Building a fast, throwaway prototype to validate an idea before a production build. This uses Salesforce low-code tools in an isolated environment, with the goal of answering one question and gathering feedback.
- Write down the question
State the single thing this prototype must answer, such as whether users understand a screen or whether a flow matches the real process. The question sets the fidelity and tells you when you are done.
- Pick a safe environment
Spin up a scratch org for a quick disposable build, or use a sandbox when the prototype needs to feel like your real org. Never prototype in production.

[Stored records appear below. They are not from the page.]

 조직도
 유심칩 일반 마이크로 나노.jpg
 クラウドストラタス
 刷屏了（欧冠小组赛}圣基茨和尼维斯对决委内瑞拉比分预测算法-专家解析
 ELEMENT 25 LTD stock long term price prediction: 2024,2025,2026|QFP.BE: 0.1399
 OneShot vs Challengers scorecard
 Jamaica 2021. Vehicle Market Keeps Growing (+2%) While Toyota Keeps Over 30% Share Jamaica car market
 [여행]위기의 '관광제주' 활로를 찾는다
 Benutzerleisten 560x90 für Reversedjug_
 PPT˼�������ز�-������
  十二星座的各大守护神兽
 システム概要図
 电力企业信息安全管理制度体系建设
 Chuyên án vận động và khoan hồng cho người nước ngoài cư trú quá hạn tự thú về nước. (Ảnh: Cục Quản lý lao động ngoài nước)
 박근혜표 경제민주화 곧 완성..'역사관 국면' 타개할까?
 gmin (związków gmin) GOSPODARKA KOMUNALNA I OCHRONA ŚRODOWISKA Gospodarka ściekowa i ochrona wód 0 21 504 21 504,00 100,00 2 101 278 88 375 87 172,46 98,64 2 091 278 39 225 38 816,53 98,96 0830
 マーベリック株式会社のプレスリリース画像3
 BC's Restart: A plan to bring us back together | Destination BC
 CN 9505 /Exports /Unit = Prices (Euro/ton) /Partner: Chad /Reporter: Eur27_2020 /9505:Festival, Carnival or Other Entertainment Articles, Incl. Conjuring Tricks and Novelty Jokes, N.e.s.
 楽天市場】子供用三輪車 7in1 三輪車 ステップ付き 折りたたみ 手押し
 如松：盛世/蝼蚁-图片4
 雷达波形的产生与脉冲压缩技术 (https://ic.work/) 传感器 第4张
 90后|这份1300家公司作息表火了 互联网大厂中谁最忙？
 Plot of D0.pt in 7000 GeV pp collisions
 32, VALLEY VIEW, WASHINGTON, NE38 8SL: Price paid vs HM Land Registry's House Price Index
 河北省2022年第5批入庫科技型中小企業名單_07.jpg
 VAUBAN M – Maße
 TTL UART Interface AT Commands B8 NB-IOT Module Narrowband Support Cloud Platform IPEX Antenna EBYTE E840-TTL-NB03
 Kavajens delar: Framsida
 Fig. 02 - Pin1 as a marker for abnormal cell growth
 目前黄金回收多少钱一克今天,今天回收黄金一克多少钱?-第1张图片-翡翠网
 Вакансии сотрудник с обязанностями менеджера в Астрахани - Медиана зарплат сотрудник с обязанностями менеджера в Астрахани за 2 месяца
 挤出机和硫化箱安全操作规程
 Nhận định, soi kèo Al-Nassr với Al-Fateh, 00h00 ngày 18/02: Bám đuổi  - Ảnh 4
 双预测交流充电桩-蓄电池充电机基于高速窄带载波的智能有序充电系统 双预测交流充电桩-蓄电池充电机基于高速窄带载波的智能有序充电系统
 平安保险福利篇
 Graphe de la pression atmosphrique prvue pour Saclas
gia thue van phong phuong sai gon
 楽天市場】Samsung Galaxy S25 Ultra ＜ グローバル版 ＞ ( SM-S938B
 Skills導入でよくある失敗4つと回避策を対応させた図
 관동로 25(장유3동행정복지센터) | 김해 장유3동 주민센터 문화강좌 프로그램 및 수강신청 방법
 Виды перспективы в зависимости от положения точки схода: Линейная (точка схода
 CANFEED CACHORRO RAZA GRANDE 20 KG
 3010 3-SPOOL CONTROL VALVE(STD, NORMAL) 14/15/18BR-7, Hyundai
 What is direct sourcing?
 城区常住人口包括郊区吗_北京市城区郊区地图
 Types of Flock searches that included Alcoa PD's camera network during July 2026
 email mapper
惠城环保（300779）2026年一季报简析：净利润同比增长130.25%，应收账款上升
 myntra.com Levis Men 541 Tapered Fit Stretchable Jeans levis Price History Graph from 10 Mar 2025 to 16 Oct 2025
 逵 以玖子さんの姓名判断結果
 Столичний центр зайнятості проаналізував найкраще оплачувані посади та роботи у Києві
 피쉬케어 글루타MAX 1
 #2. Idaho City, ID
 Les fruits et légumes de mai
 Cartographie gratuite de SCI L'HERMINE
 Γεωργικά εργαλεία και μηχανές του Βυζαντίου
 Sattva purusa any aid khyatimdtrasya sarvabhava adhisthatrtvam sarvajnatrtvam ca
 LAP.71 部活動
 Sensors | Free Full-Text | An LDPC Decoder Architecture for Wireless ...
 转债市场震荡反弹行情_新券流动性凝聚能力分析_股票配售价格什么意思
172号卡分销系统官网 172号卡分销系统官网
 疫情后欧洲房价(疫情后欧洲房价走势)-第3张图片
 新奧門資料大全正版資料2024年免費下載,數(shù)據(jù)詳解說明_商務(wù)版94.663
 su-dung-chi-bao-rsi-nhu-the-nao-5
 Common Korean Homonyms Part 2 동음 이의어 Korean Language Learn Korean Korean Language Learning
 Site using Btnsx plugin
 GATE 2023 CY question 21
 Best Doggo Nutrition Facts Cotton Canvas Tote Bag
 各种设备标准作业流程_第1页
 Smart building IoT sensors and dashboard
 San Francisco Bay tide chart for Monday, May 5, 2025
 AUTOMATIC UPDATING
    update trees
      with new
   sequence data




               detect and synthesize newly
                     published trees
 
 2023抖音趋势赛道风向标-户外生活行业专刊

- Build the smallest version that works
Use Lightning App Builder to assemble screens and Flow Builder to draft automation. For an agent, stand up a draft Agentforce agent. Build only enough to answer the question.
- Test it with real users
Give a few intended users a realistic task and watch without coaching them. Note where they hesitate or go wrong, and capture the feedback.
- Decide, then throw it away
Turn the findings into a decision about the design. Discard the prototype and rebuild the feature properly for production rather than promoting the experiment.
How real the prototype feels. Start low-fidelity for idea testing; raise it only when you need believable usability feedback.
Scratch org for short-lived, source-driven experiments; sandbox when the prototype must mirror existing configuration and data shape.
Choose ideation, exploration, or validation up front. The purpose decides how much effort and polish the build deserves.
- A prototype that looks finished tends to become the production system by accident. Be explicit that it is disposable.
- Over-polishing a throwaway build wastes the speed that made prototyping worth doing. Stop once the question is answered.
- Prototyping in production risks live data and real users. Always isolate the work in a scratch org or sandbox.
- Skipping the user test turns a prototype into guesswork. The feedback is the whole point of building one.